September 20, 2012
The anti-Islam video being allegedly shot in the US and called “The Innocence of Muslims” stirred up a turmoil in the Muslim world a week ago. Now the French weekly Charlie Hebdo came to offer one more blast by publishing a series of cartoons ironically depicting Prophet Muhammad. Meanwhile the French Presidency came quickly to announce that on Friday 21st of September is planning to shut down all its diplomatic representations and French schools in the Muslim world being outspokenly afraid of retalations in respect of the biggest prayer day of Islam. After all, why doing so? Why spreading that heatred across the cultures?

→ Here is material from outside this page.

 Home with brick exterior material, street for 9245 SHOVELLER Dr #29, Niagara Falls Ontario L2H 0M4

It is not an issue of the free speech of the press nor of the level of intensity of reaction from the Muslim world. This trend to mock Muhammad is something that tends, in the name of publicity, to be the norm for some of the Western media that strive to sell and get reknown by insulting sensitive and fundamental symbols of religion. Even if the reaction from the Muslim people and the outrage they show seems quite weird to some of the Westerns, there is no doubt that as far as cartoons of Muhammad directly insult the Muslims, there is no reason to incite extreme retaliation, especially when this religion is Islam, where we definitely know how much piety counts for the lifes of millions of people.

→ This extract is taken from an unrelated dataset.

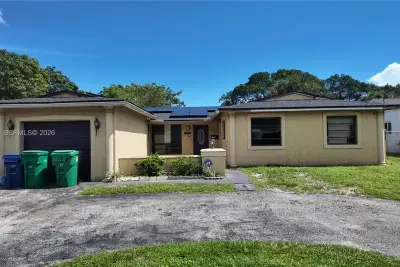 2420 NW 42nd Ave, Lauderhill: photo 1 of 11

It is without doubt that the reason of doing so is merely commercial, as Charlie Hebdo -used to sell about 1,000 copies a week- has now sold over 60,000 due to the publishing of Muhammad cartoons. The issue gets greater dimensions if we take into account that today the offices of the weekly were being attacked and firebombed by extremists who left a message on the front explaining how disgraceful the editor should feel and how disgusting they, the Muslims, feel about these cartoons.
From a wider dimension, it has been a common trend for Islam to be chased by media and politics in the Western world. The first sign was in 2005 when a Danish daily published a similar series of cartoons mocking Muhammad with the reaction being relevantly harsh and wide. In 2009, during the Swiss cantonal referendum over the minarets in Muslim-prayer mosques across the country, the debate turned to be extremely rugged when the far right party openly insulted the representatives of the Muslim community of the country. In addition to this, a series of posts were published and pasted across the streets of Geneva, Zurich and Berne, depicting a quite humiliating image of the Muslims and stressing out the supremacy of the “Swiss” over them. The ban of building of minarets was finally passed by 57% but the essence of the debate is still wandering over Switzerland.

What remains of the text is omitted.